* **Aim of the task**
Please output only the lines running from the one that contains "You'll also need" through the last line of the data below, exactly as they stand, with no pictures.

* **Data segment**
******

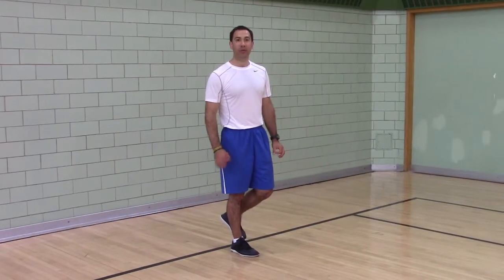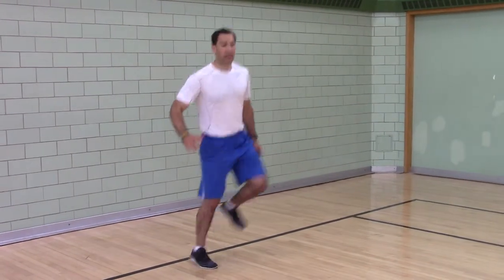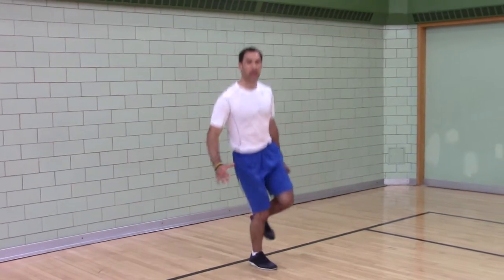One leg lateral double hop. Two bounces per side. Stay tall.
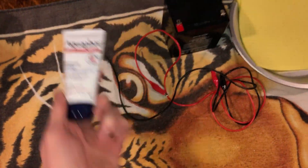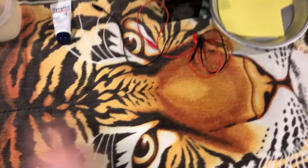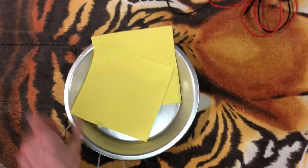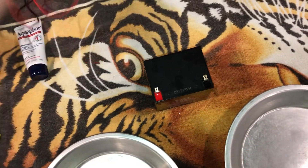You'll also need some aquaphor, some salt, and water. First thing you're gonna want to do is lay down a towel — doesn't need to be anything special. Take your aluminum pie pans and place them down, then get your 12 volt battery.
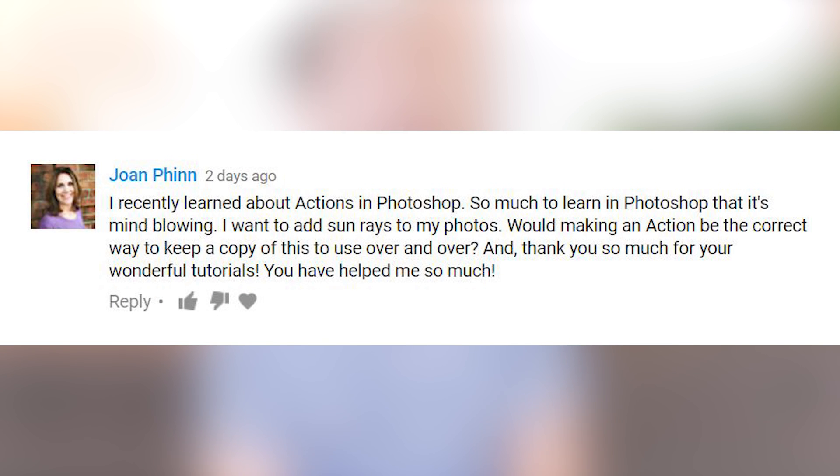I recently learned about actions in Photoshop. I want to add sun rays to my photos. Would making an action be the correct way to keep a copy of this to use over and over again? Making actions is a really great way to do something repeatedly. When it comes to sun rays, you can definitely use a sun ray action over and over again, but you may find there are going to be subtle changes from image to image. We actually have a tutorial on how to create sun rays — you can click on your screen right now. And if you'd like it, you can make an action out of that.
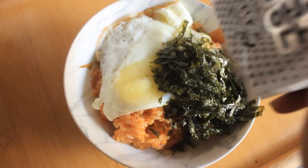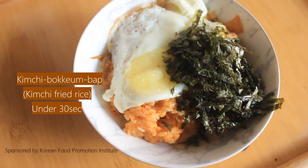Kimchi Bokumbap, aka Korean fried rice, under 30 seconds. Let's go!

******

* **Result of the task**
You'll also need some aquaphor, some salt, and water. First thing you're gonna want to do is lay down a towel — doesn't need to be anything special. Take your aluminum pie pans and place them down, then get your 12 volt battery.
I recently learned about actions in Photoshop. I want to add sun rays to my photos. Would making an action be the correct way to keep a copy of this to use over and over again? Making actions is a really great way to do something repeatedly. When it comes to sun rays, you can definitely use a sun ray action over and over again, but you may find there are going to be subtle changes from image to image. We actually have a tutorial on how to create sun rays — you can click on your screen right now. And if you'd like it, you can make an action out of that.
Kimchi Bokumbap, aka Korean fried rice, under 30 seconds. Let's go!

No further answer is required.